İkinci felsefe düşmanı olan bilimsel dinsizlik, sinsidir ve üstü örtülüdür. Açık olanı, ancak istisnalardır. Bilimsel dinsizlik; yapacağını, bilimi kullanarak yapıyor. Bazan felsefeyi kullandığı da olur. Peki, Bilimsel dinsizlik ne yapar? İtaat çerçevenizi ve bununla irtibatlandırdığınız felsefenizi, din anlayışındaki yamukluklara, yanlışlıklara bakarak inşa etmenizi ister. Sonra bunu, henüz yolculukta bulunan bilimin sonuçlarıyla karşılaştırıyor, edebiyatla da süsleyip güzelleştiriyor. Aslında ortaya çıkan beğenmemezlik felsefesidir. Yanlışı fark etmek önemlidir ama sadece bunu bilmekle doğruya varılamaz. Bu tavır, doğruyu anlamaya yetmez. Doğru iddiasının kendisini, orijinini anlamak gerekir. Bilimsellik dinsizlik getiriyor, demiyoruz. Halk arasında denildiği gibi bu çeşit anlama, lafı kuyruğundan anlamadır. Bilimselliğin dinsizlik getirdiğinden değil, bilimi dinsizlik için kullananlardan söz etmek istiyoruz.

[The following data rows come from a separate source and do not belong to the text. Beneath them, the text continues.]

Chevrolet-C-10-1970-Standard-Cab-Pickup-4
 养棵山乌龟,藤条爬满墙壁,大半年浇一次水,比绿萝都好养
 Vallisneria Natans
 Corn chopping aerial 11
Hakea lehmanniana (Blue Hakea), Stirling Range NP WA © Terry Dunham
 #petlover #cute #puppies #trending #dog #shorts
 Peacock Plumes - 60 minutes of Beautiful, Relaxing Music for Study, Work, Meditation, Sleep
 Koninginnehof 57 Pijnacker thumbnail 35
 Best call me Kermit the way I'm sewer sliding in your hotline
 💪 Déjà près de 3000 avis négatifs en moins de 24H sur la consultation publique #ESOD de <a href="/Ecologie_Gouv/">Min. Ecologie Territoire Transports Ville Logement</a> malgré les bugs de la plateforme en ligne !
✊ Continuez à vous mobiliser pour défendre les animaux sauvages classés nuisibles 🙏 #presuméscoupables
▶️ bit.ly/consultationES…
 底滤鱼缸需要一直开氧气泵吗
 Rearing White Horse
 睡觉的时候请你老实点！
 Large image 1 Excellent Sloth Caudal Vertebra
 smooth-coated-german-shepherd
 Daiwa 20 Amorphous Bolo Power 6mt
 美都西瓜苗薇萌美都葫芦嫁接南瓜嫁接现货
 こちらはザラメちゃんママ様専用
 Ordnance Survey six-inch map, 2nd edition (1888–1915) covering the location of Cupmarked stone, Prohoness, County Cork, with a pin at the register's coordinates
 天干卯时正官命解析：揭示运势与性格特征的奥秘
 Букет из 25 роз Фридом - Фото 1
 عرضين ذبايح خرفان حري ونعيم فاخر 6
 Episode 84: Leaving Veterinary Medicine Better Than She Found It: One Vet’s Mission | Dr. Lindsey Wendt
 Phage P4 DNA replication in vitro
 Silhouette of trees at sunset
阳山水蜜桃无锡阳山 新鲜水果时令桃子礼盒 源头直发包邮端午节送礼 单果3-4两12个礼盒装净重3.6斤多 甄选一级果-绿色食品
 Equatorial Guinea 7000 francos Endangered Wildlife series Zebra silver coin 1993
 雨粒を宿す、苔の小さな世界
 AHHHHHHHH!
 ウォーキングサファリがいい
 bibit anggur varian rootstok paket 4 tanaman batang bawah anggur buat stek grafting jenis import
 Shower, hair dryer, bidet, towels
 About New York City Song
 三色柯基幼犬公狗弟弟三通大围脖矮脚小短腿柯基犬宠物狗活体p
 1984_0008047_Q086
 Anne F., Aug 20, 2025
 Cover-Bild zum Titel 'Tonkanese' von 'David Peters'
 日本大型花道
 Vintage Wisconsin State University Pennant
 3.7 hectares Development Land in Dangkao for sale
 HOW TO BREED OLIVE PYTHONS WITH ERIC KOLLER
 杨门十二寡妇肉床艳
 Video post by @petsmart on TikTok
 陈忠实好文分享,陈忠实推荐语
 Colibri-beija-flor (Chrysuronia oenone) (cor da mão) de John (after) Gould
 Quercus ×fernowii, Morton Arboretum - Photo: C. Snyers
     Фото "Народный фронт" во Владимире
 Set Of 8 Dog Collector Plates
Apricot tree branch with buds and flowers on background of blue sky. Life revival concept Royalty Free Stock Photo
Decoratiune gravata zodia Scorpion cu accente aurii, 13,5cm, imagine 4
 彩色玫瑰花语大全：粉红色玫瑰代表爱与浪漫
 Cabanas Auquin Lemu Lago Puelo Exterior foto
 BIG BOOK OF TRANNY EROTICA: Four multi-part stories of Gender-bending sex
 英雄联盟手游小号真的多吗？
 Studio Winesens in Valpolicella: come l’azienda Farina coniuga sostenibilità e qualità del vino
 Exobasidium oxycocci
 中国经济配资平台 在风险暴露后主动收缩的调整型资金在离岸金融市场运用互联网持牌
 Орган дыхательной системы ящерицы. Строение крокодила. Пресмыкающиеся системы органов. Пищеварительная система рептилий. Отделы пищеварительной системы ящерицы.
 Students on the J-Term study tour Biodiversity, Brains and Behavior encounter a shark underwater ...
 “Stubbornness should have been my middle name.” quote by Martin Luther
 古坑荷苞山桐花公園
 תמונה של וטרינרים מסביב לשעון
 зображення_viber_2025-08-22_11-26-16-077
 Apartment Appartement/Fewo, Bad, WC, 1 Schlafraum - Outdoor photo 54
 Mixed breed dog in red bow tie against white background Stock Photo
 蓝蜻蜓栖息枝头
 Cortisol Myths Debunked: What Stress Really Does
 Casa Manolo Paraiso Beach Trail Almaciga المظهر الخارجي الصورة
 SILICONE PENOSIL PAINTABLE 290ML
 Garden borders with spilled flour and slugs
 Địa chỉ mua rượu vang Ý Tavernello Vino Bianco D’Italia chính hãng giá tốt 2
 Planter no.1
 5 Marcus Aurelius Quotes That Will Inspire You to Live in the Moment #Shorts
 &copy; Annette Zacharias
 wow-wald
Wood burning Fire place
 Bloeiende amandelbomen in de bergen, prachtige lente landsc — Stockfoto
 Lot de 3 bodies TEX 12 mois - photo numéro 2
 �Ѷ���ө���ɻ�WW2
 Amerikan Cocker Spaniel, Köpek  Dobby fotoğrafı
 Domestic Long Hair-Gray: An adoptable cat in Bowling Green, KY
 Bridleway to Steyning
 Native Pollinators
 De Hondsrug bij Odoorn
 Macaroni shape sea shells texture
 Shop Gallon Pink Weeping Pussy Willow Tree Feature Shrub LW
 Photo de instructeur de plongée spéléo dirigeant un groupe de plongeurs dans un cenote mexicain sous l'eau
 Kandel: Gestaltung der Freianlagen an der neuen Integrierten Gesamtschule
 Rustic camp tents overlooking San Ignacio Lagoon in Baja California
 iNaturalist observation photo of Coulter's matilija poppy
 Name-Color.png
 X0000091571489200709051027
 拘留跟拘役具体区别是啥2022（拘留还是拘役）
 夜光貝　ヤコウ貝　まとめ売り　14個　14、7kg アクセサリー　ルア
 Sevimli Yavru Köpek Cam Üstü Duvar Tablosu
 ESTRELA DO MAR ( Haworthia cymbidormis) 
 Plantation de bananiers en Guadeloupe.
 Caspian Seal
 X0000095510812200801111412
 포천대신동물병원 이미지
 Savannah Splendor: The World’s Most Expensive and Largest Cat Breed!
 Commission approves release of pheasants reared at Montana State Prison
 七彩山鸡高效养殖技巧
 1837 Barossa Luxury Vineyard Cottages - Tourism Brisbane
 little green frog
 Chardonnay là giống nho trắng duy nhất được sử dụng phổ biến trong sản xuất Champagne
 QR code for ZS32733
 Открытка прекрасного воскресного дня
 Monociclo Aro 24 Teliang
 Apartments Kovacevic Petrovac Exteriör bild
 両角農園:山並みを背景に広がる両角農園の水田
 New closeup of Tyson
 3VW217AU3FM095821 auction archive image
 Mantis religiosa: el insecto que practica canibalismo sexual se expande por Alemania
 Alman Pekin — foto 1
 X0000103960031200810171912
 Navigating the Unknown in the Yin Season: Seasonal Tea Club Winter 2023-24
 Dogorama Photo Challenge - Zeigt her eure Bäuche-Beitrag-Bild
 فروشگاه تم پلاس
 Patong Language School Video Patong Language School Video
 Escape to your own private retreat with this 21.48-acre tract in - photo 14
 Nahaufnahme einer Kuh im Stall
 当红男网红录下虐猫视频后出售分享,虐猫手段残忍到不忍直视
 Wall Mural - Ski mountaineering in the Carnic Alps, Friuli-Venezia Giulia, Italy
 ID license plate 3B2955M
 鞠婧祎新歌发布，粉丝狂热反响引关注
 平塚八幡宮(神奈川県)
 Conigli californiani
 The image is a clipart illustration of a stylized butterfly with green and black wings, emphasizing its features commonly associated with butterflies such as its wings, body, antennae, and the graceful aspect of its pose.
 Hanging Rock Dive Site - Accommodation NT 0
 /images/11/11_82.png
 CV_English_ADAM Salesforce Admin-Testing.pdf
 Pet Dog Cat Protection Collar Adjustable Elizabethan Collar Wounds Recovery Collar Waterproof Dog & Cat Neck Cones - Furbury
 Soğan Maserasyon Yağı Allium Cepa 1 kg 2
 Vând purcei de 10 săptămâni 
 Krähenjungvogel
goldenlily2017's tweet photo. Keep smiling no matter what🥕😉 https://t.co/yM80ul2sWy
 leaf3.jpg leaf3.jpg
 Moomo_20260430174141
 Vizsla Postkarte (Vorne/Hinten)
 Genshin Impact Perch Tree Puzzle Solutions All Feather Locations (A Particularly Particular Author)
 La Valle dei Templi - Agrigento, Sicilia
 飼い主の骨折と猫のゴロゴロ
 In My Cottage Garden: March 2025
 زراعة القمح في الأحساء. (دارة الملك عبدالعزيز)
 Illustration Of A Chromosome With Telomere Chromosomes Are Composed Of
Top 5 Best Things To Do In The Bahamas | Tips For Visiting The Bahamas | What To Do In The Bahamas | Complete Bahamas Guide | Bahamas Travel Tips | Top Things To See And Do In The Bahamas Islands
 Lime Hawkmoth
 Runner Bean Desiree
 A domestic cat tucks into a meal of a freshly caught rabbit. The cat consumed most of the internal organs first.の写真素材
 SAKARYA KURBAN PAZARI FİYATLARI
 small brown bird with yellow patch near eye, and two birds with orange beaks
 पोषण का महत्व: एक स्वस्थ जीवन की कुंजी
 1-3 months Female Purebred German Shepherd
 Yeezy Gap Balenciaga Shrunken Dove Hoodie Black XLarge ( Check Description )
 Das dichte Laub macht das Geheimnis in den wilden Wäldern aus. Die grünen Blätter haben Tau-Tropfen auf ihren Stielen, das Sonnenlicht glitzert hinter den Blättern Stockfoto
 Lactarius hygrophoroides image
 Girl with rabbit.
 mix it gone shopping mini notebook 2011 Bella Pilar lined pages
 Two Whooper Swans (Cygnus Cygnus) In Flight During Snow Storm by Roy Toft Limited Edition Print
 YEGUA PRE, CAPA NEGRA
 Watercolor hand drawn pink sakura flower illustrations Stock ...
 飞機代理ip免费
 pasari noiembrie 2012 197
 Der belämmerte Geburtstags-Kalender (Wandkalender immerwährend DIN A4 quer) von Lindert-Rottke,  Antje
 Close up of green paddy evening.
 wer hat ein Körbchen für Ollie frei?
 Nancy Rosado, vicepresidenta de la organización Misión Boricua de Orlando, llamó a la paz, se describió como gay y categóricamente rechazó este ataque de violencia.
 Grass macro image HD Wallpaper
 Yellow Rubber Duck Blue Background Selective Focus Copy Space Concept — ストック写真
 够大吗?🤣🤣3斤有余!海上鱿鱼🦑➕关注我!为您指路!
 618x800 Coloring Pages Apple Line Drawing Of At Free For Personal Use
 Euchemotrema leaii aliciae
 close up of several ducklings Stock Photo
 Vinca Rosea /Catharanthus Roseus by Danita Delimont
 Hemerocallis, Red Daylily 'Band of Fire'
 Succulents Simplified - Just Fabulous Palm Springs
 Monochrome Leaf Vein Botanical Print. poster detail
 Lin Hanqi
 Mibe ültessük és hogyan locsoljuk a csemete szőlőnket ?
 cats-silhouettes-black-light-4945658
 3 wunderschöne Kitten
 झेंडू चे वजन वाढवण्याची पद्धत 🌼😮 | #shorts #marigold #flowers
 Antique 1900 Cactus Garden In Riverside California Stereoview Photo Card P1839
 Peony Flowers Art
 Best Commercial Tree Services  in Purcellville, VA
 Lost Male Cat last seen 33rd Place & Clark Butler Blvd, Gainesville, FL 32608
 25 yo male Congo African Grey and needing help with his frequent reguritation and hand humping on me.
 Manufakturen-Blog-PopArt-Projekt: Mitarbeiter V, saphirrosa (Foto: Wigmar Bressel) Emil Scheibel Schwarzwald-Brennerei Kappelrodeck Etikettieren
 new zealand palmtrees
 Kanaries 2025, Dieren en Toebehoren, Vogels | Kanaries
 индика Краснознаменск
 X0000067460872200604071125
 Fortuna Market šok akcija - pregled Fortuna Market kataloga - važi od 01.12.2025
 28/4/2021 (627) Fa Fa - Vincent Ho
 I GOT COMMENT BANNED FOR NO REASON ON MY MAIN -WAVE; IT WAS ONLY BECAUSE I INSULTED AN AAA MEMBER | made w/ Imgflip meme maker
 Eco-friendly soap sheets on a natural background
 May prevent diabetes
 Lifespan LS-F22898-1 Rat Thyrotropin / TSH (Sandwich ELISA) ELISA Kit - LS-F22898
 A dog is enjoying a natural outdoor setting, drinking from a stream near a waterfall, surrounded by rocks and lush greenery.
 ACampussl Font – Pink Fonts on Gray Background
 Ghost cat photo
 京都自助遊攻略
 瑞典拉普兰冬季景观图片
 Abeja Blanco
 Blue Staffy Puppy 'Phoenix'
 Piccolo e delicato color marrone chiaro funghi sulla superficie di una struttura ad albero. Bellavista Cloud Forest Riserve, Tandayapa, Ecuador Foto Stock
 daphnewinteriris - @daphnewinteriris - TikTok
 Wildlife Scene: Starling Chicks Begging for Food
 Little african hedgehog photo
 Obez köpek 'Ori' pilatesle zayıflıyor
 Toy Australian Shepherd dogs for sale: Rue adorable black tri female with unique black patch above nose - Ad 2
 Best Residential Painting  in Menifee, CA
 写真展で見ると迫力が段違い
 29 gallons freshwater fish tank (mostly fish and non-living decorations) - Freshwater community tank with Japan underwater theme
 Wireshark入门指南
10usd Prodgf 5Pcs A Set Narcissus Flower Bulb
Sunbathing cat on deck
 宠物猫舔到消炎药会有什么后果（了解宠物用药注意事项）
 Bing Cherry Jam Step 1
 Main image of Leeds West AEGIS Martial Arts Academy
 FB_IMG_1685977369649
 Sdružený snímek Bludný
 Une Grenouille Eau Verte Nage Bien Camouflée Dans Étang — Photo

Felsefesizlik ikisinde de, dinde de bilimde de bizi bir yerlere mahkûm eder. Ya merdiven altına ya teknoloji tapınağına…
Öğrenimimiz sırasında ustamız şöyle demişti: Dünün felsefesi bugünün bilimi olmuştur, bugünün bilimi yarının felsefesi olacaktır. Ustamız haklıydı. Bilim ve felsefe ilişkisini, zaman içinde böyle ortaya koyarsak, yolculuğumuz anlam kazana kazana devam edecektir.